В ожидании чая с сайкой и кренделями, Яков Кронидович помылся, задернул оконные портьеры, зажег огонь и просматривал принесенную ему номерным газету.
В льстивых тонах, называя его профессором и европейскою знаменитостью, писали, что взволнованное событием этих дней и ожиданием ужасов погрома Энское общество "ждет от профессора Тропарева, что он ясным умом своим и умением все провидеть снимет кровавый навет с евреев, позорящий Русский народ". В статье вспоминали, как он умелым анализом трупа Магнолиева доказал, что общество стоит перед самоубийством, и тем спас его жену от страшного обвинения в убийстве. "Мы — и не только мы", — писалось в газете, — "но Европа и Америка с трепетом будут прислушиваться, что скажет знаменитый профессор"…
"Да, вот оно что?" — подумал Яков Кронидович. — "Пожалуй дело дошло уже до самого Шиффа, американского жида-архимиллионера, ненавистника России именно за погромы, которые ему докладываются в непомерно приукрашенном виде. Если он тряхнет мошной — никто не устоит… Такая вакханалия пойдет… Ну, а как же все-таки Ванюша Лыщинский? Господин Шифф все-таки подумал о том, что мальчик-то кем-то убит?"
В дверь постучали. Яков Кронидович, предполагая, что это номерной с чаем, освободил место для самоварчика на столе и сказал:
— Войдите.
Но вместо номерного в белом, вошел очень черный, в черном растрепанном фраке человек, с маслянистым угреватым лицом. Гордый профиль большого его носа и вьющаяся черная борода показывали его местное происхождение.

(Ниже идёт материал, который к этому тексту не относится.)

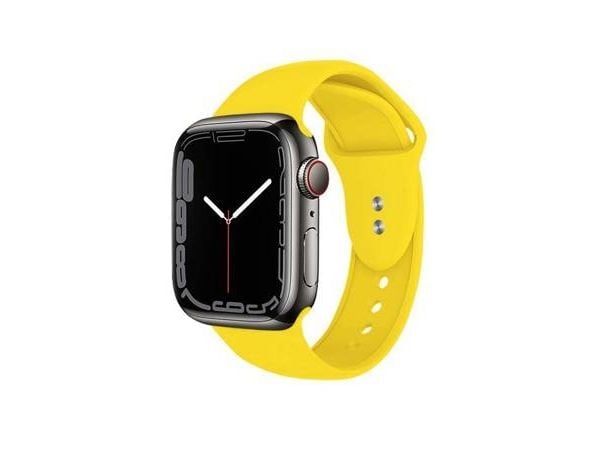 Crong CRG-40LQB-YEL, Band, Smartwatch, Gul, Apple, Watch 38/40/41mm, Silikon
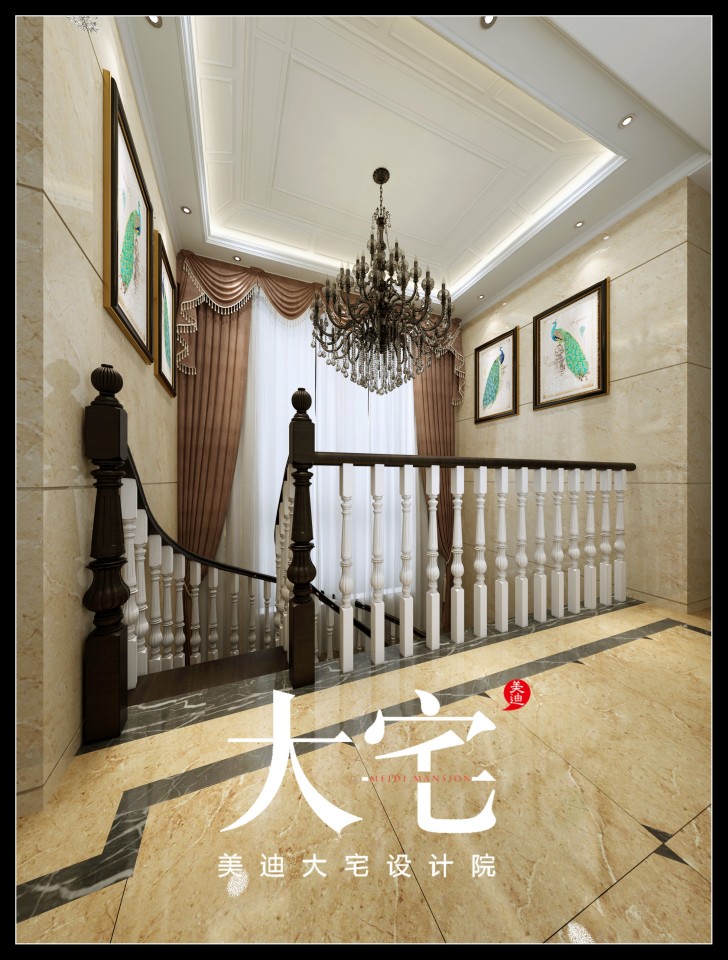 400平米簡(jiǎn)歐效果圖--樓道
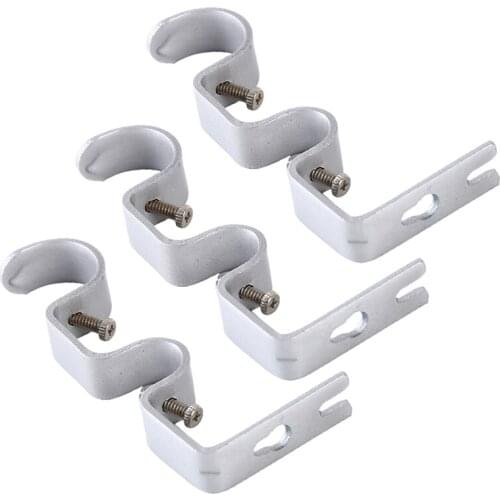 3pcs Home Tools Adjustable Curtain Holder Bracket Iron Universal Curtain Drapery Rod Bracket For Home Hotel Accessories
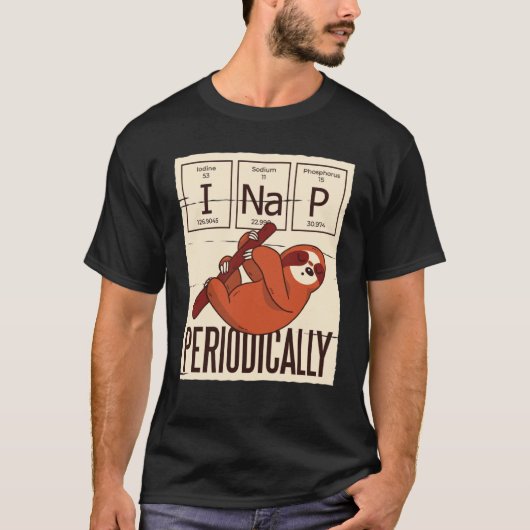 Sloths Science Sloth I Nickerchen regelmäßig T-Shirt (Vorderseite)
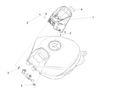 Fuel tank cover, black
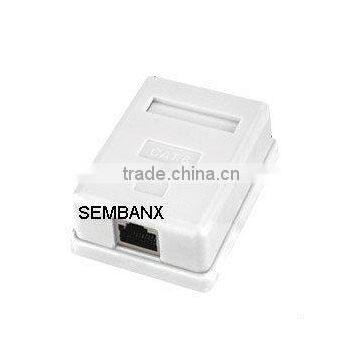 CAT6 FTP 1 port RJ45 surface mount box,1-port surface mount box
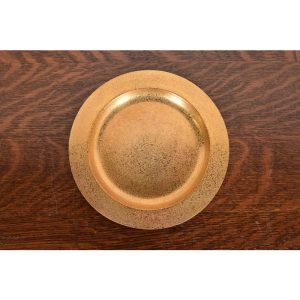 Tiffany Studios New York Bronze Doré Plate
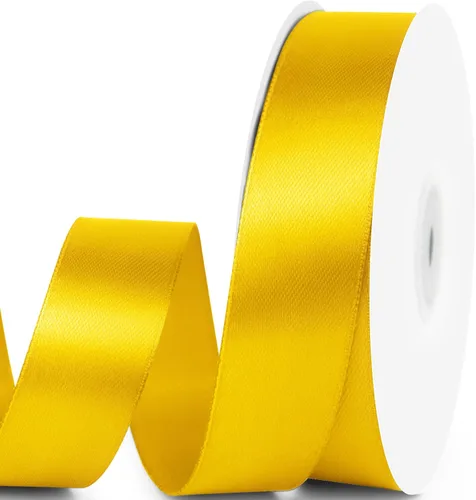 Vista 169 de Cinta de satén de 5/8" x 100 yardas - Cinta de seda naranja otoñal con carrete - Ideal para envolver regalos, ramos florales, manualidades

Под мышкой у него был большой портфель.
Яков Кронидович удивленно посмотрел на вошедшего.
В номере под потолком ярко горели три электрические груши и в блеске их света лицо незнакомца очень лоснилось. Пушистая черная бородка росла по щекам, подбородок и усы были сбриты и синели темною синевою.
— Профессор Тропарев, — протягивая сырую полную руку, сказал вошедший, радостно улыбаясь, — ну, как я рад!
Яков Кронидович, человек мягкий и деликатный, невольно подал руку.
— Вы знаете, вы самое во время приехали. Позвольте и мне вам рекомендоваться. Сотрудник здешней газеты Одоль-Одолинский, христианин!.. Я прочел, что вы приезжаете… Ну я, знаете, утром все гостиницы обегал. Узнать, где заказана комната. Думал — вы в «Эрмитаже» остановитесь… А вы вот где… По старинке…Хе… хе… Тут кормят, знаете, отлично… Пельмени… борщ украинский — это уже тут, знаете, одно объядение…
— Простите меня, — начал Яков Кронидович, но Одоль-Одолинский перебил его.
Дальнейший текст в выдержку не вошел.